Итак, Голова Генрих Карлович, чьё рождение, крещенье и учение в школе уже внесены в анналы некролога, поступил в медицинский университет с первой попытки, несмотря на то, что его родители не имели никакого отношения к медицине. Отец его был дорожным регулировщиком, а мать – секретарём местной ячейки международной ассоциации шпагоглотателей. Как они сошлись, Генрих никогда не спрашивал. Как не спрашивал и о том, почему его назвали Генрихом Карловичем, ведь отца его звали Фомой Юрьевичем, а мать – Апполинарией Митрофановной. Стало быть, никаких немцев в роду Головы ни по одной линии не было. Как не было Карлов. На все вопросы о том, кто его отец, которые Генрих осмелился задать матери только уже будучи совершеннолетним, она отвечала, что его отец и есть его отец.
– Как от Фомы Юрьевича мог получиться Генрих Карлович? – спрашивал у матери Генрих Карлович.
– Самым натуральным образом, – отвечала Апполинария Митрофановна, не вдаваясь, однако в подробности.
– Но отчество сына должно соответствовать имени отца, – продолжил щекотливую беседу Генрих Карлович.
– Это чистый воды формализм, – отрезала мать, – ты мой сын, и я имею право называть тебя так, как хочу.
– А отец? – спросил Генрих.
– Что отец? – не поняла сына мать.
– Как отец хотел, чтобы меня назвали?
– Какая разница чего он хотел? Он тебя не рожал, не ему и решать, как тебя называть, – отвечала Апполинария Митрофановна, впрочем, безо всякой агрессии.
– Ладно, – смирился с отстранением отца от процесса своего «называния» Генрих Карлович, – а как в ЗАГСе тебе разрешили не то отчество записать?

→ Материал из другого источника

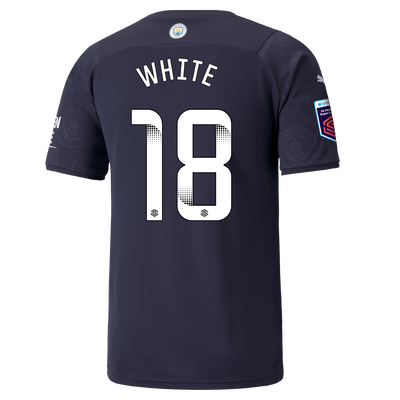 Manchester City 3rd Shirt 21/22 with Ellen White printing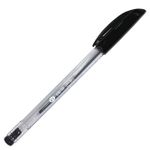 Kit Caneta Tilibra Gliss Ponta 1.0mm - Corpo Transparente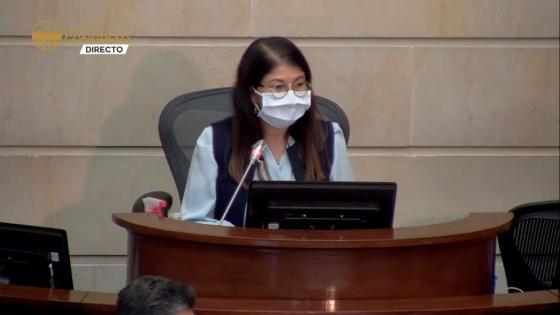 Sandra Ramírez presidenta Senado de la República Sandra Ramírez presidenta Senado de la República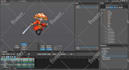 create smooth animation in spine for 2d games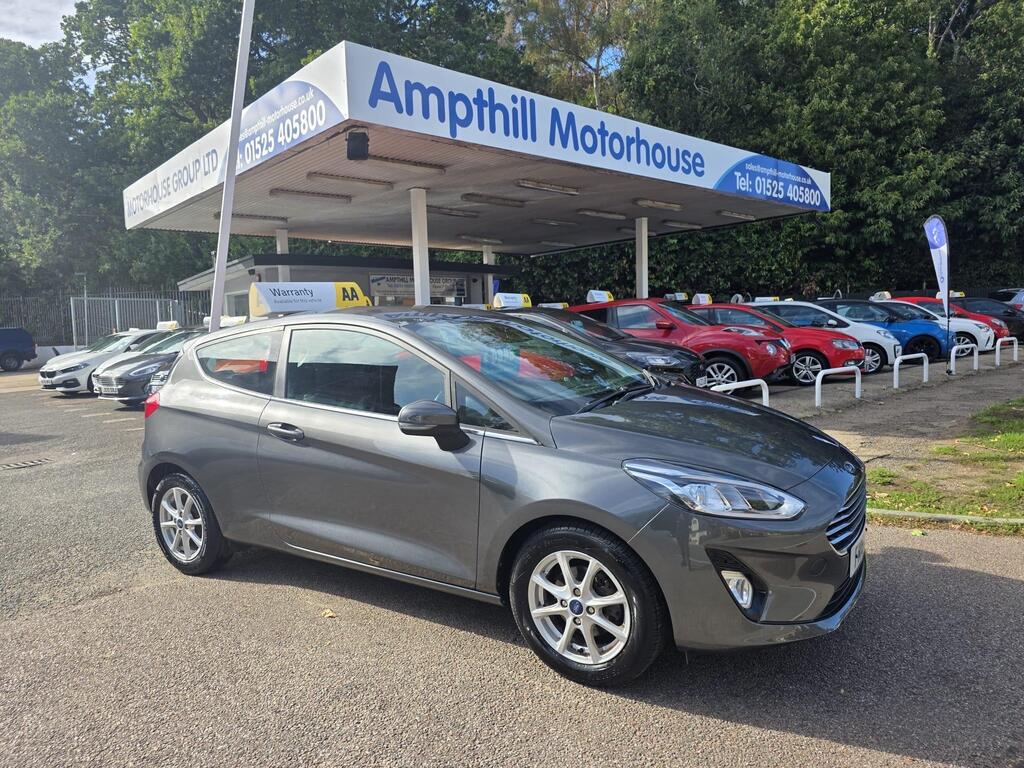 Ford Fiesta Hatchback 1.0T EcoBoost Zetec Euro 6 (s/s) 3dr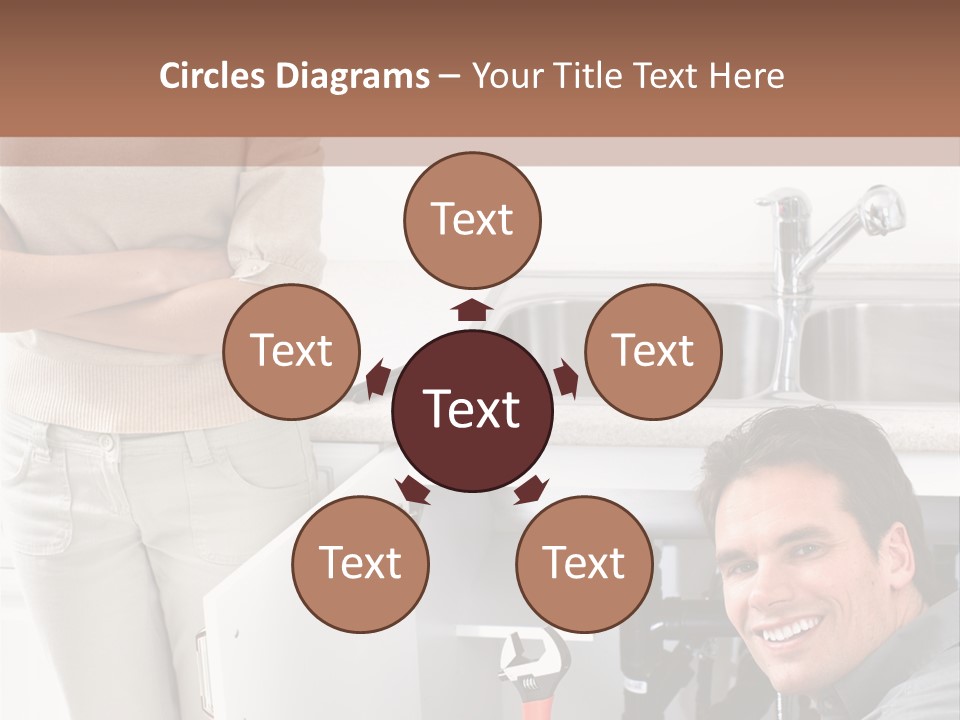 Neat Chrome Spout PowerPoint Template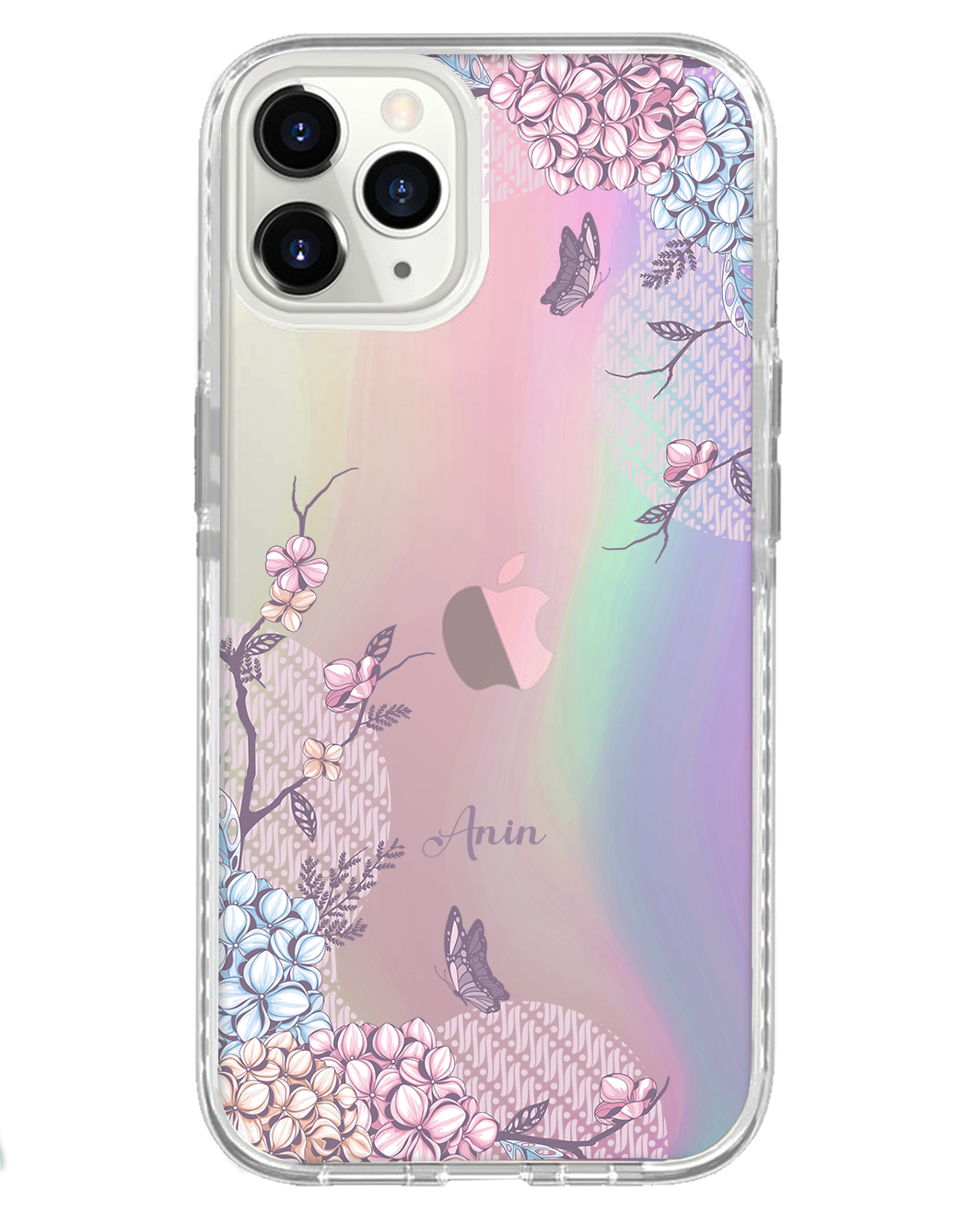 iPhone Rearguard Holo - Batik Florals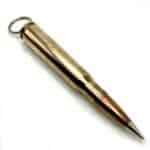 50 BMG Metal Tipped Bullet Keychain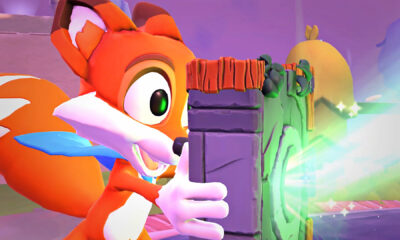 New Super Lucky's Tale gameplay screenshot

Генрих с малолетства неоднократно заглядывал в своё свидетельство о рождении, чтобы убедиться, что отцом у него записан Фома Юрьевич Голова, а в графе «отчество» значится «Карлович». Видимых подчисток и исправлений в свидетельстве не было, что свидетельствовало о том, что оно подлинное, и в таком виде было выдано Голове Апполиинарии Митрофановне спустя месяц после рождения её единственного отпрыска. Как советский бюрократический аппарат мог допустить превращение сына Фомы в Карловича, для Генриха оставалось загадкой.
– Что значит «не то»? – спросила мать, и Генрих понял, что дальнейшие расспросы бесполезны.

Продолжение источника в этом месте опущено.